++++ Records for the exercise ++++

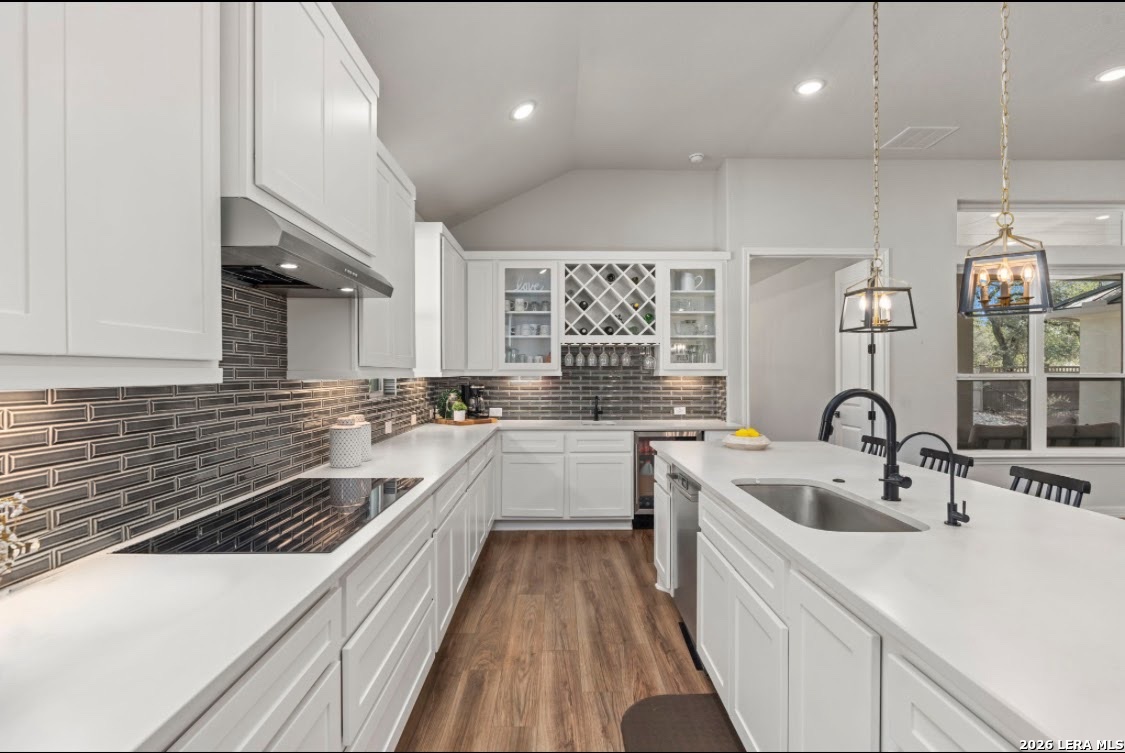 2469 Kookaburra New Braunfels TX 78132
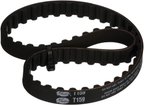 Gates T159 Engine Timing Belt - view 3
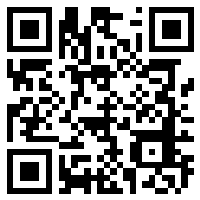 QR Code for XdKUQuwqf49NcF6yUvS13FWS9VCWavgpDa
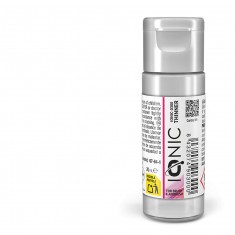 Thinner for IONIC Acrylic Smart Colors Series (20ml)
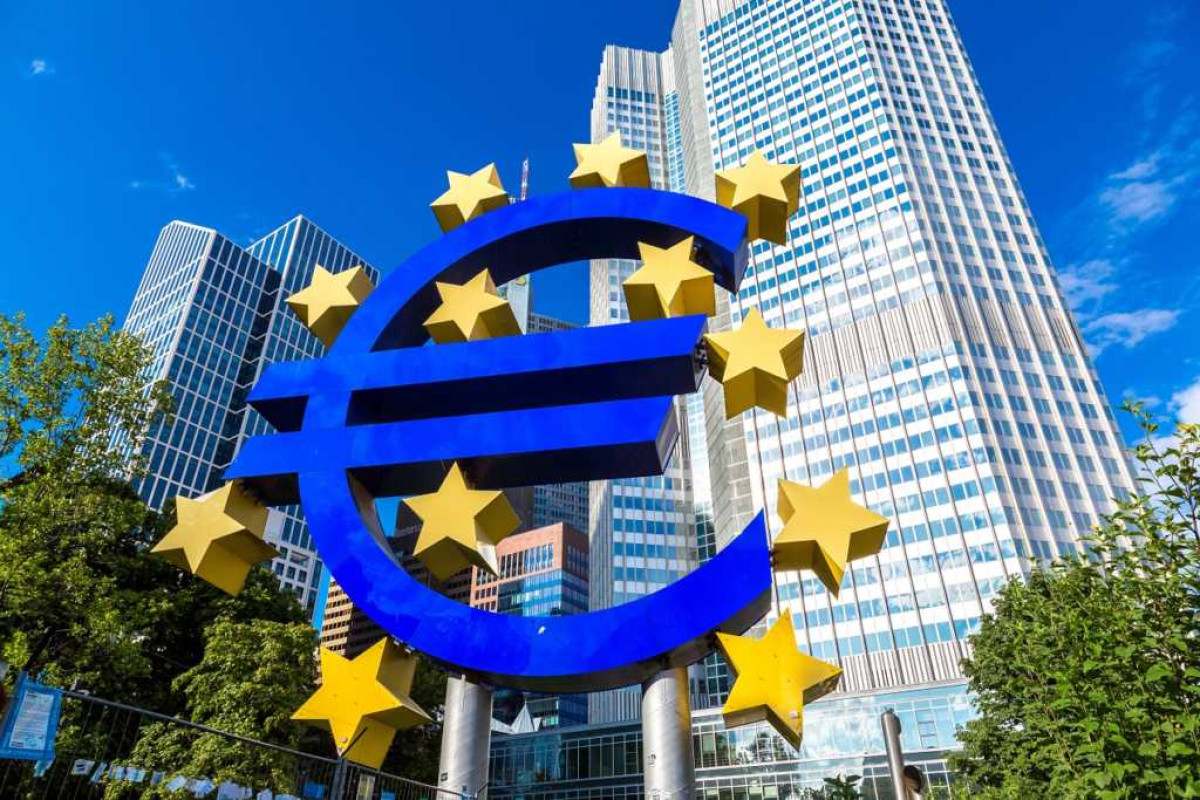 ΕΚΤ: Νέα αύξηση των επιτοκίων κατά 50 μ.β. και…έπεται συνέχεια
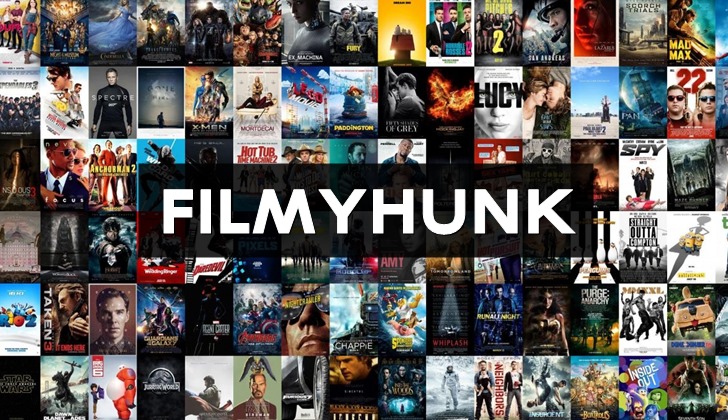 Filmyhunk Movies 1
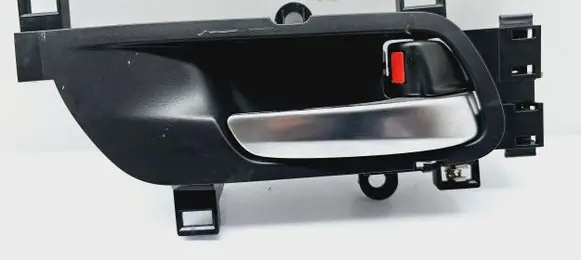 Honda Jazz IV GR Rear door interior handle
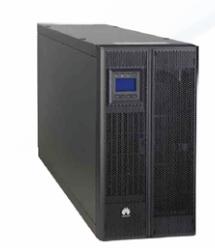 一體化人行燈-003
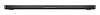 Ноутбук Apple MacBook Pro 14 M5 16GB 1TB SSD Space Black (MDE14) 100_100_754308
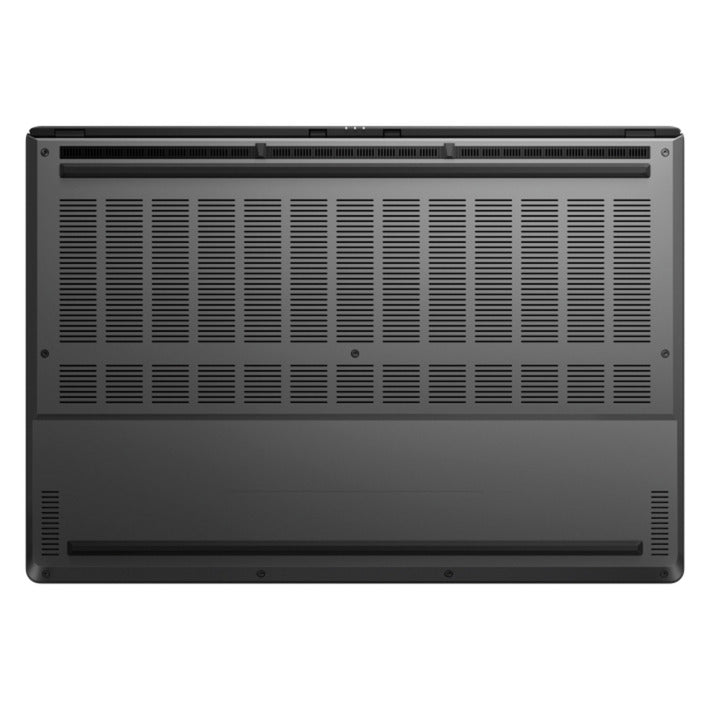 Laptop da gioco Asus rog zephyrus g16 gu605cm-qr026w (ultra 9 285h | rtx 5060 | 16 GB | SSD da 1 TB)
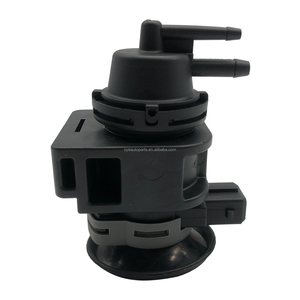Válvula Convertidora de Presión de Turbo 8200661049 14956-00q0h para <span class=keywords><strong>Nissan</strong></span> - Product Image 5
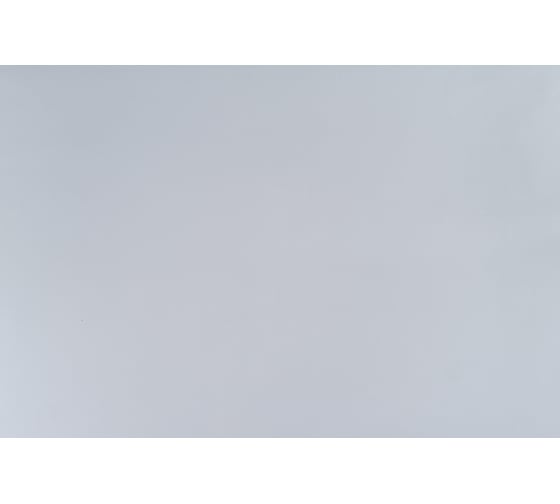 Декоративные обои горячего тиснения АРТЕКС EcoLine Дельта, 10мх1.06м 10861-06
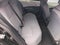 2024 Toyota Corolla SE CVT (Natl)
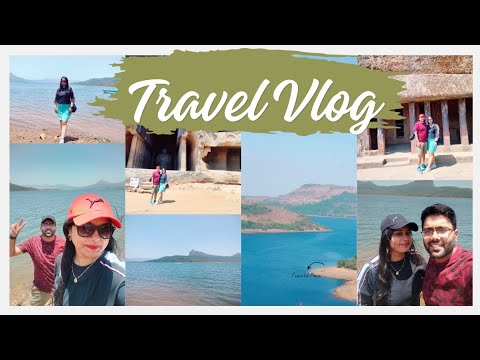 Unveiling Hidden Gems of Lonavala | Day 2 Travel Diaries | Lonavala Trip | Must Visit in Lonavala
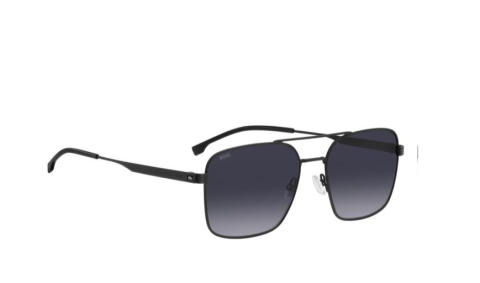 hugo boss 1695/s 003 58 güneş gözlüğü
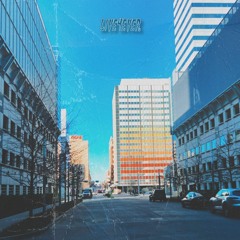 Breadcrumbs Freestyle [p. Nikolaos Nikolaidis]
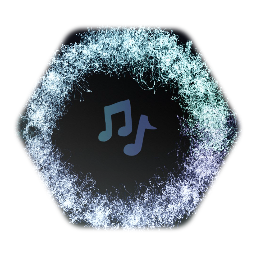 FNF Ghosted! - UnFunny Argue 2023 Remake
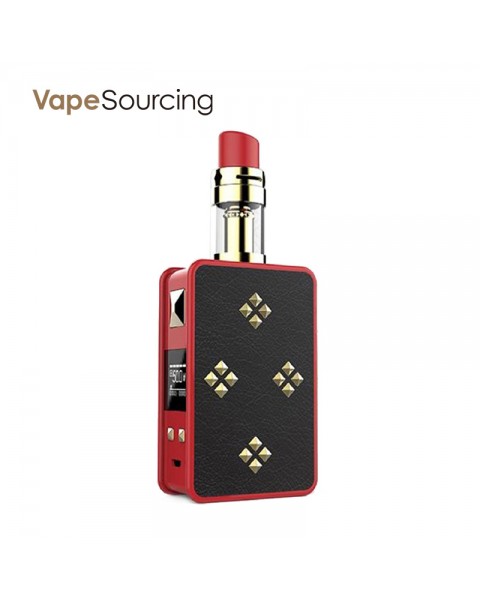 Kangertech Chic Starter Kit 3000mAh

++++

* [Exercise goal] What must be output is the exact run of lines from the one holding "QR Code for" through the end of the entries above, both ends included, minus the pictures.

* [The answer]
 QR Code for XdKUQuwqf49NcF6yUvS13FWS9VCWavgpDa
 Thinner for IONIC Acrylic Smart Colors Series (20ml)
 ΕΚΤ: Νέα αύξηση των επιτοκίων κατά 50 μ.β. και…έπεται συνέχεια
 Filmyhunk Movies 1
 Honda Jazz IV GR Rear door interior handle
 一體化人行燈-003
 Ноутбук Apple MacBook Pro 14 M5 16GB 1TB SSD Space Black (MDE14) 100_100_754308
 Laptop da gioco Asus rog zephyrus g16 gu605cm-qr026w (ultra 9 285h | rtx 5060 | 16 GB | SSD da 1 TB)
Válvula Convertidora de Presión de Turbo 8200661049 14956-00q0h para <span class=keywords><strong>Nissan</strong></span> - Product Image 5
 Декоративные обои горячего тиснения АРТЕКС EcoLine Дельта, 10мх1.06м 10861-06
 2024 Toyota Corolla SE CVT (Natl)
 Unveiling Hidden Gems of Lonavala | Day 2 Travel Diaries | Lonavala Trip | Must Visit in Lonavala
 hugo boss 1695/s 003 58 güneş gözlüğü
 Breadcrumbs Freestyle [p. Nikolaos Nikolaidis]
 FNF Ghosted! - UnFunny Argue 2023 Remake
 Kangertech Chic Starter Kit 3000mAh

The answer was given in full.